An exact copy of the data is required, with no pictures in it.

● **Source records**
════════════════════
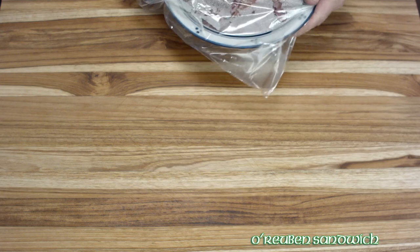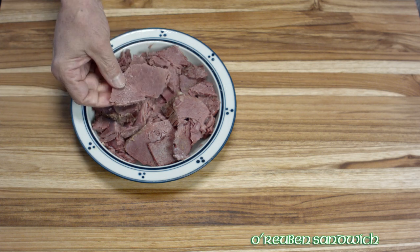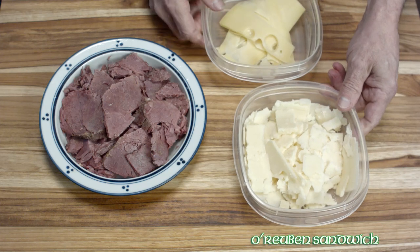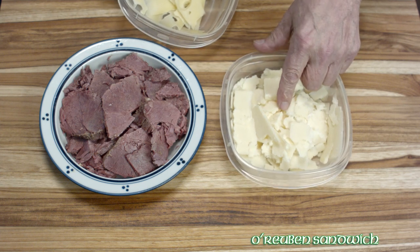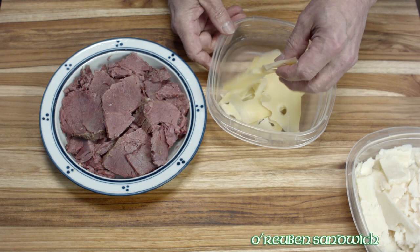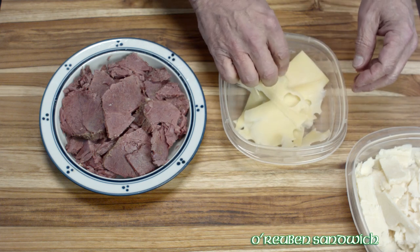Here's our cleaned-up corned beef which has been in the fridge, and I just warmed it up again so it's warm when we assemble the sandwich. And here we have the cheeses. I have some Irish cheddar — hence the reason why this is an Irish Reuben — and a baby Swiss, imported, which I hand sliced.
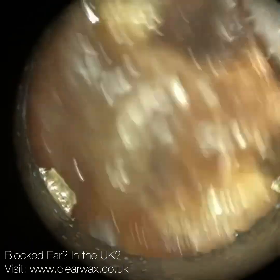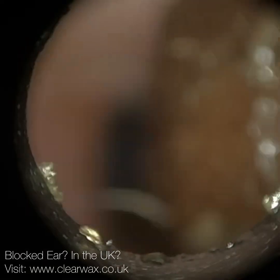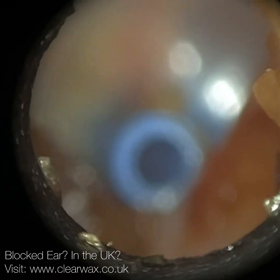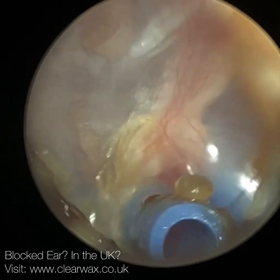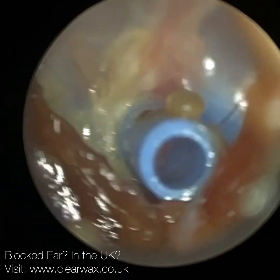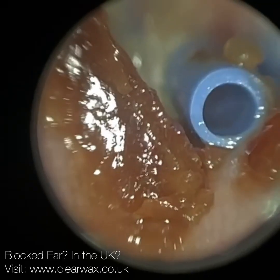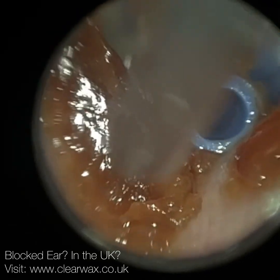The eustachian tube is a narrow orifice which connects the middle ear - the cavity behind the eardrum - to the back of the nose, the nasopharynx. And there's that T-tube, the blue ventilation tube. The function of the eustachian tube is to equalize the middle ear air pressure. We want the air pressure in the middle ear to be equal or equivalent, more or less, to the atmospheric air pressure - the air pressure in the ear canal.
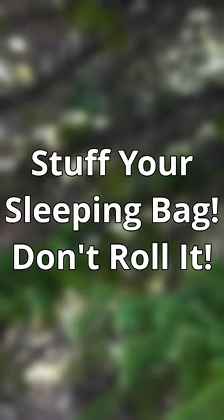You can actually just stuff your sleeping bag back inside. And in fact, that's what it's designed to do. If you're trying to roll it up, there's no chance you're going to get it rolled up tight enough to get it back in that bag.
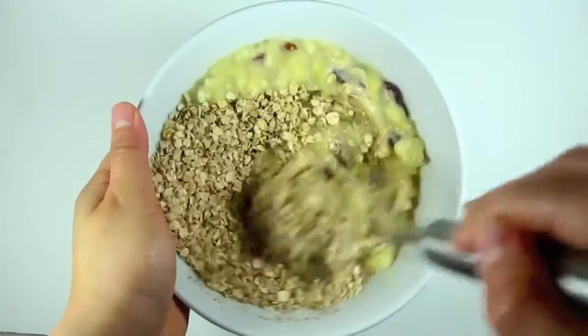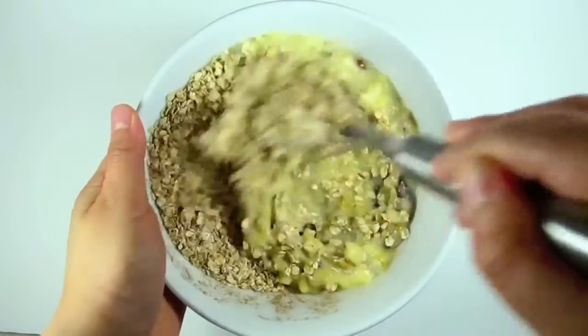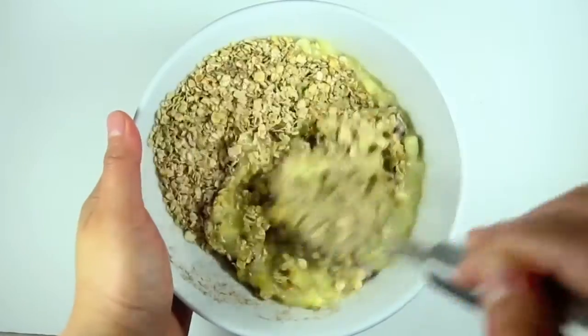I used a large cookie scoop and this makes 8 uneven servings, so I think it's safe to say that a medium sized cookie scoop would be best to prepare this recipe.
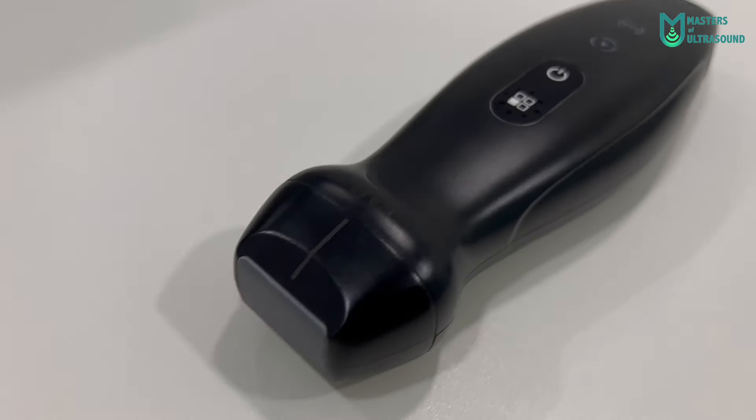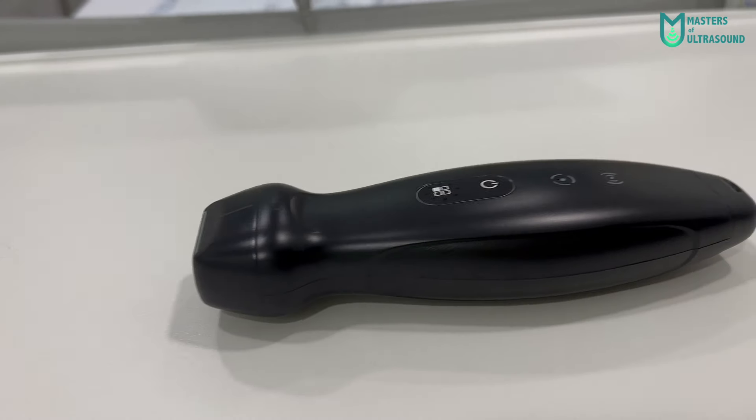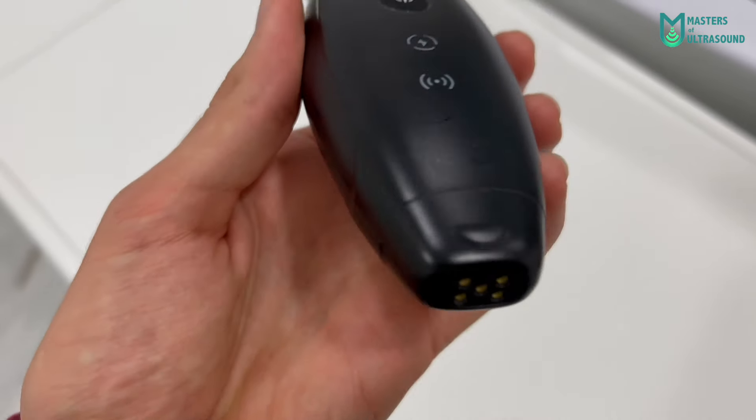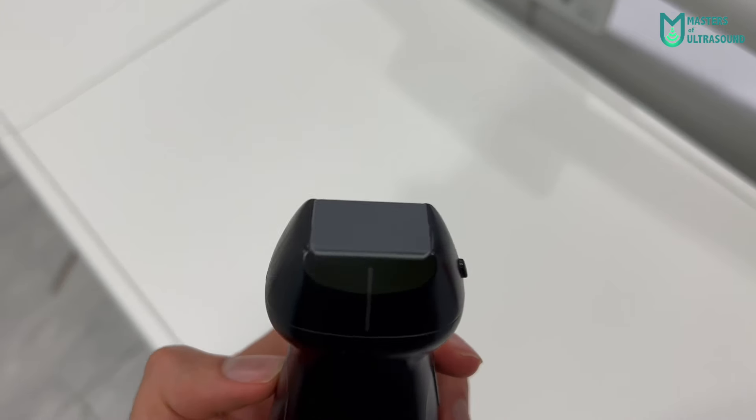It's very lightweight and magnetically attached to the case. It has soft edges and an ergonomic design. You can also see the two physical buttons: one for powering on and off, and another is a multifunction button, plus two light indicators — one for wireless connection and the other for battery status.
════════════════════
● **THE COMPLETED TASK**
Here's our cleaned-up corned beef which has been in the fridge, and I just warmed it up again so it's warm when we assemble the sandwich. And here we have the cheeses. I have some Irish cheddar — hence the reason why this is an Irish Reuben — and a baby Swiss, imported, which I hand sliced.
The eustachian tube is a narrow orifice which connects the middle ear - the cavity behind the eardrum - to the back of the nose, the nasopharynx. And there's that T-tube, the blue ventilation tube. The function of the eustachian tube is to equalize the middle ear air pressure. We want the air pressure in the middle ear to be equal or equivalent, more or less, to the atmospheric air pressure - the air pressure in the ear canal.
You can actually just stuff your sleeping bag back inside. And in fact, that's what it's designed to do. If you're trying to roll it up, there's no chance you're going to get it rolled up tight enough to get it back in that bag.
I used a large cookie scoop and this makes 8 uneven servings, so I think it's safe to say that a medium sized cookie scoop would be best to prepare this recipe.
It's very lightweight and magnetically attached to the case. It has soft edges and an ergonomic design. You can also see the two physical buttons: one for powering on and off, and another is a multifunction button, plus two light indicators — one for wireless connection and the other for battery status.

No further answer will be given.